• Data under study:

·····

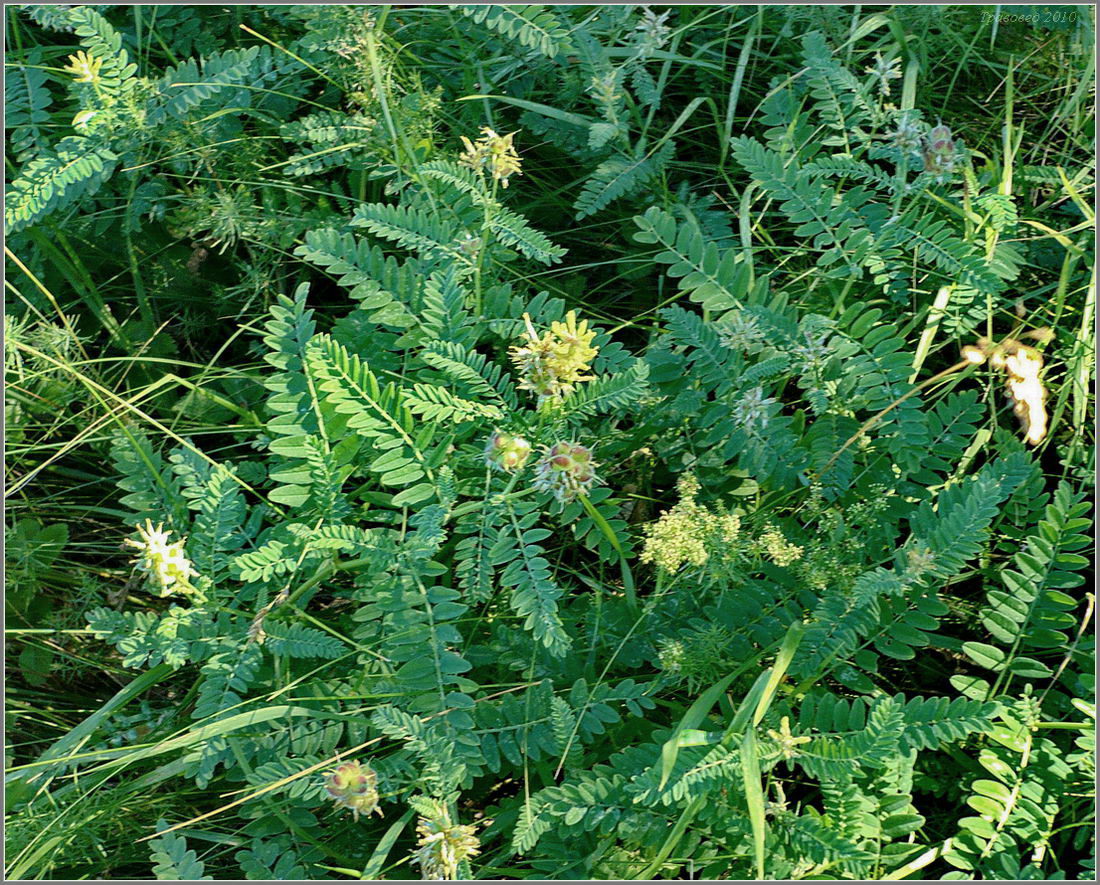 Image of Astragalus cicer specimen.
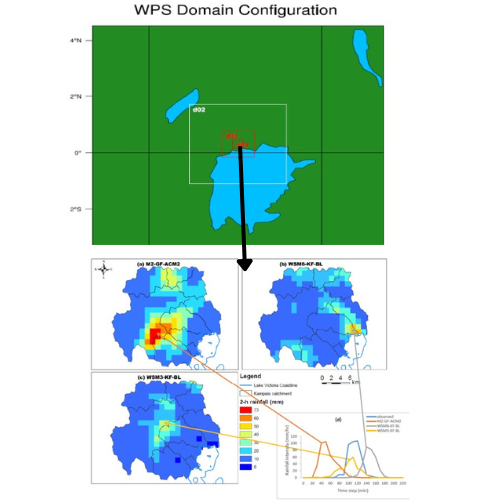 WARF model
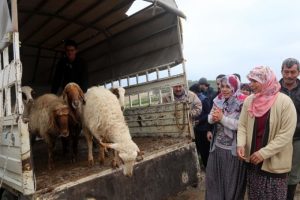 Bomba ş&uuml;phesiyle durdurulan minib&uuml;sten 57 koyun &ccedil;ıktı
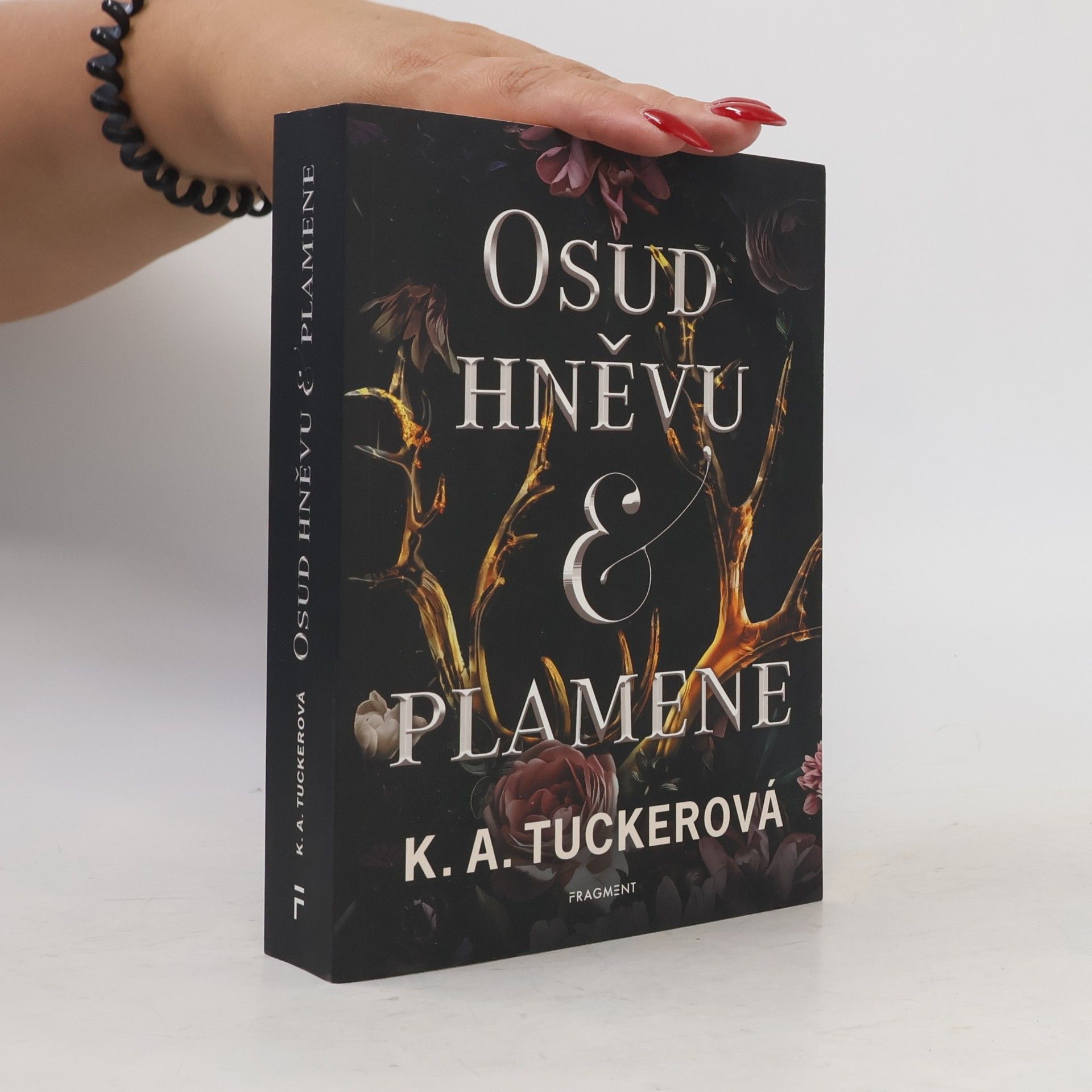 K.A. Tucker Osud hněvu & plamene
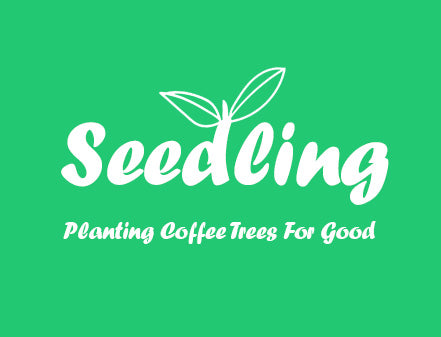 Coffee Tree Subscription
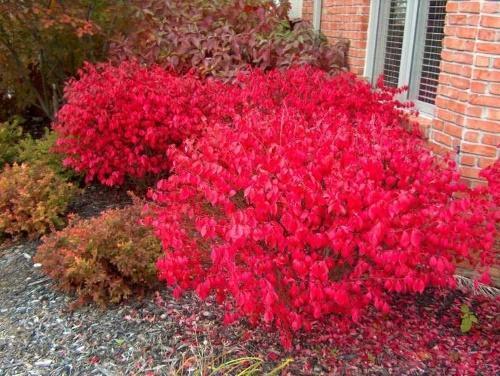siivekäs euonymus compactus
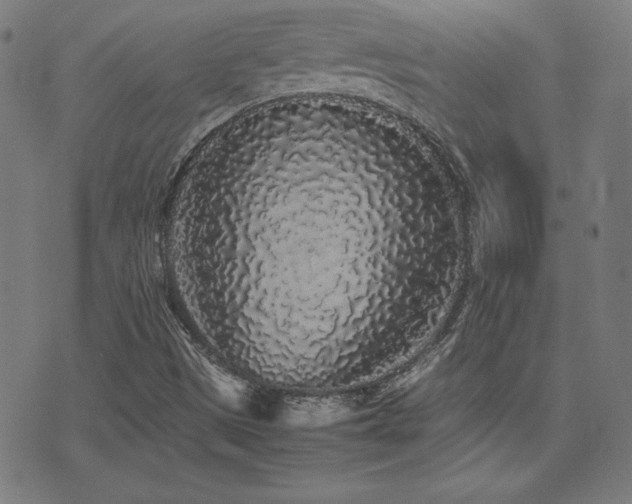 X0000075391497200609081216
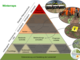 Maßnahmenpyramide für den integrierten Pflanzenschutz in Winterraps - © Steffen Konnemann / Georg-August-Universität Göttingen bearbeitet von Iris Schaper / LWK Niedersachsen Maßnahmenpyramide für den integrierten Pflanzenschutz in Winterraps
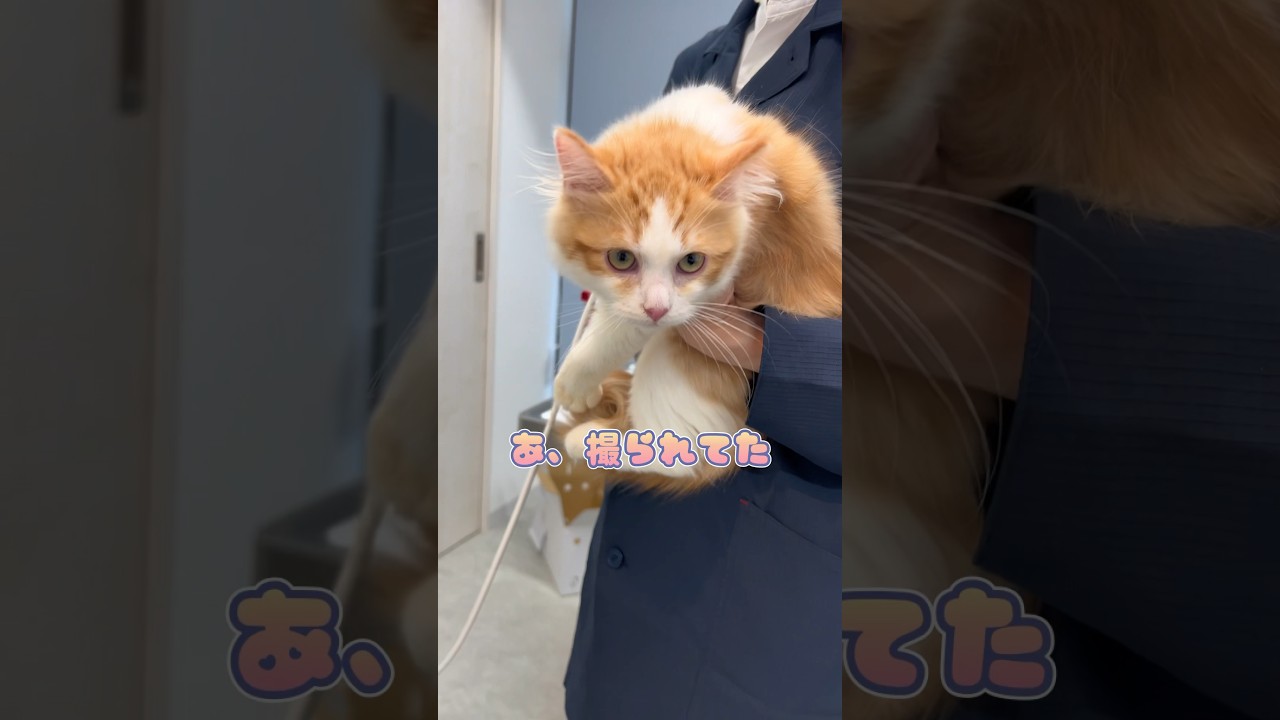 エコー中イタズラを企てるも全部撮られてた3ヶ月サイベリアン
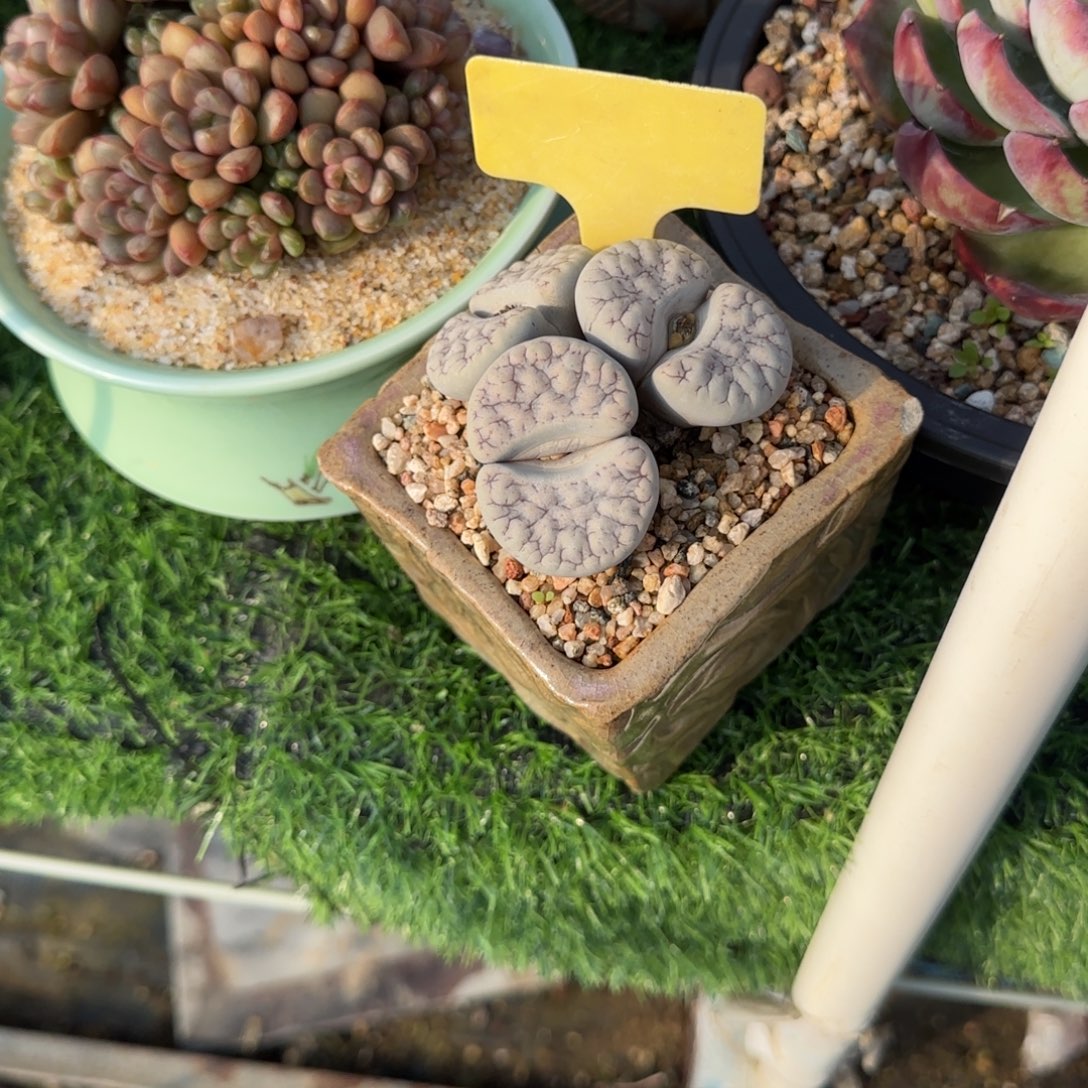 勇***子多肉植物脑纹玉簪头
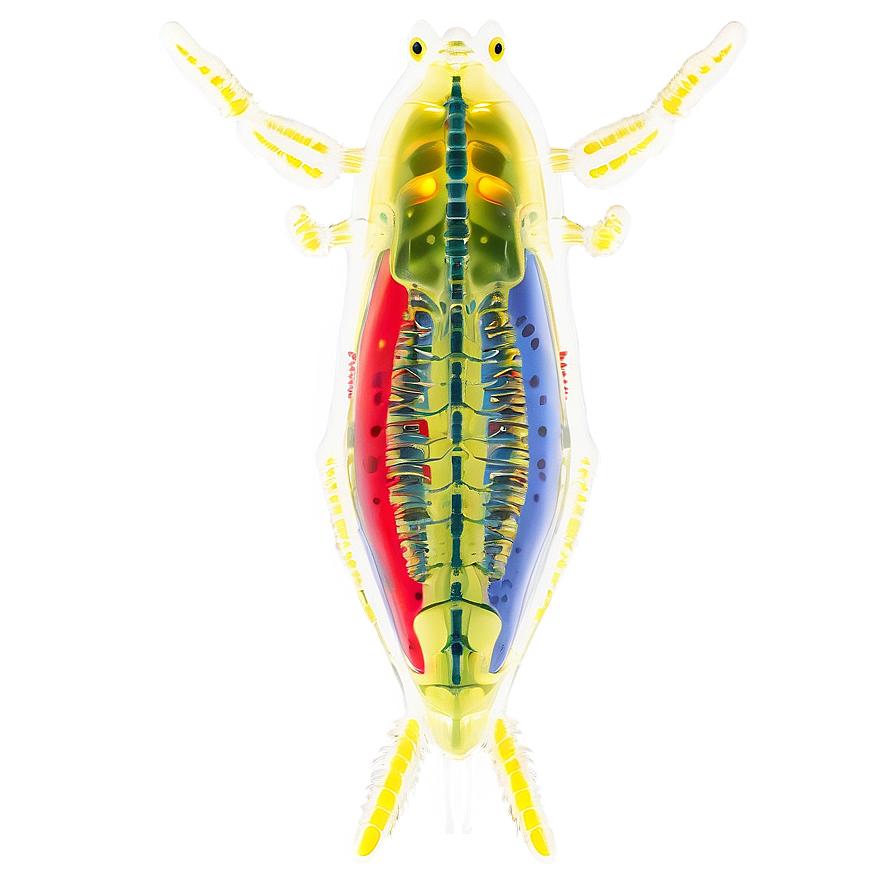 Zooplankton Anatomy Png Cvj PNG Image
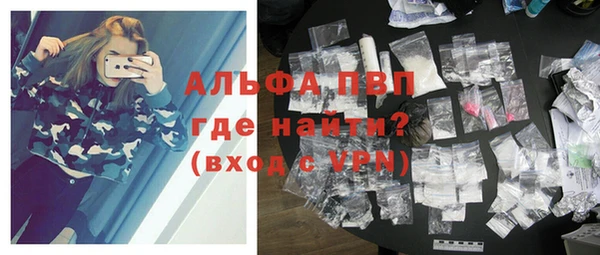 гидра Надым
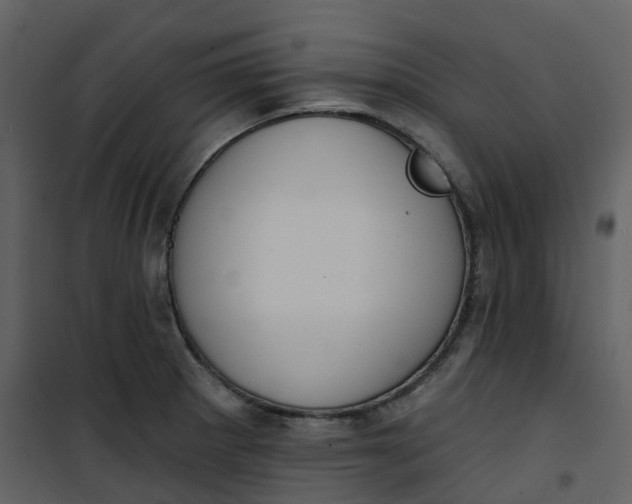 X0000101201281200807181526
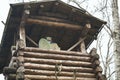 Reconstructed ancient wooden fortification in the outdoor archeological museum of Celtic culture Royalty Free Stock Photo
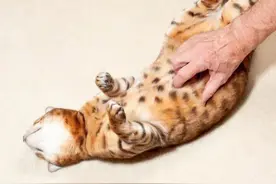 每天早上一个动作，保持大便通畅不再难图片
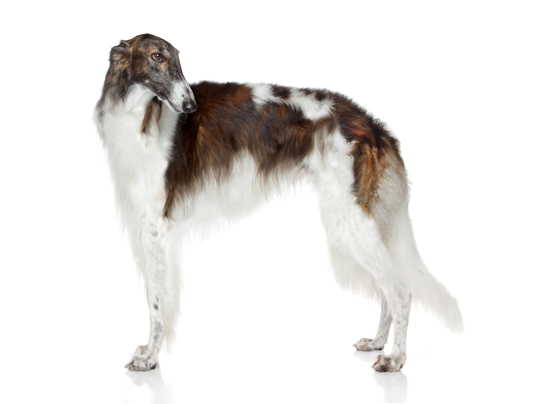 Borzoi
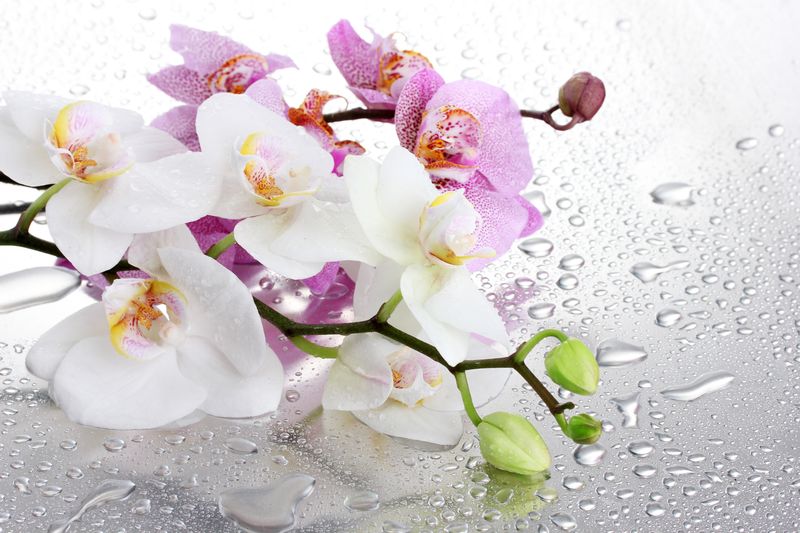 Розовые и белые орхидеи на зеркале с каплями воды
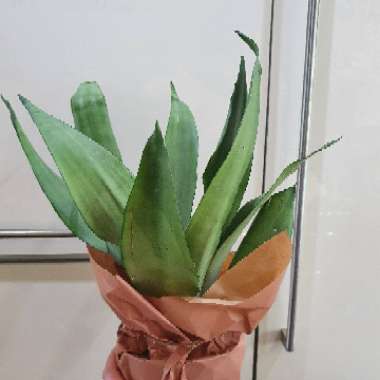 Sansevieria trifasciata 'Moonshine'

·····

• Exercise description:
This task calls for the listing to be restated exactly, with images omitted.

• Output for this exercise:
 Image of Astragalus cicer specimen.
 WARF model
 Bomba ş&uuml;phesiyle durdurulan minib&uuml;sten 57 koyun &ccedil;ıktı
 K.A. Tucker Osud hněvu & plamene
 Coffee Tree Subscription
siivekäs euonymus compactus
 X0000075391497200609081216
 Maßnahmenpyramide für den integrierten Pflanzenschutz in Winterraps - © Steffen Konnemann / Georg-August-Universität Göttingen bearbeitet von Iris Schaper / LWK Niedersachsen Maßnahmenpyramide für den integrierten Pflanzenschutz in Winterraps
 エコー中イタズラを企てるも全部撮られてた3ヶ月サイベリアン
 勇***子多肉植物脑纹玉簪头
 Zooplankton Anatomy Png Cvj PNG Image
 гидра Надым
 X0000101201281200807181526
 Reconstructed ancient wooden fortification in the outdoor archeological museum of Celtic culture Royalty Free Stock Photo
 每天早上一个动作，保持大便通畅不再难图片
 Borzoi
 Розовые и белые орхидеи на зеркале с каплями воды
 Sansevieria trifasciata 'Moonshine'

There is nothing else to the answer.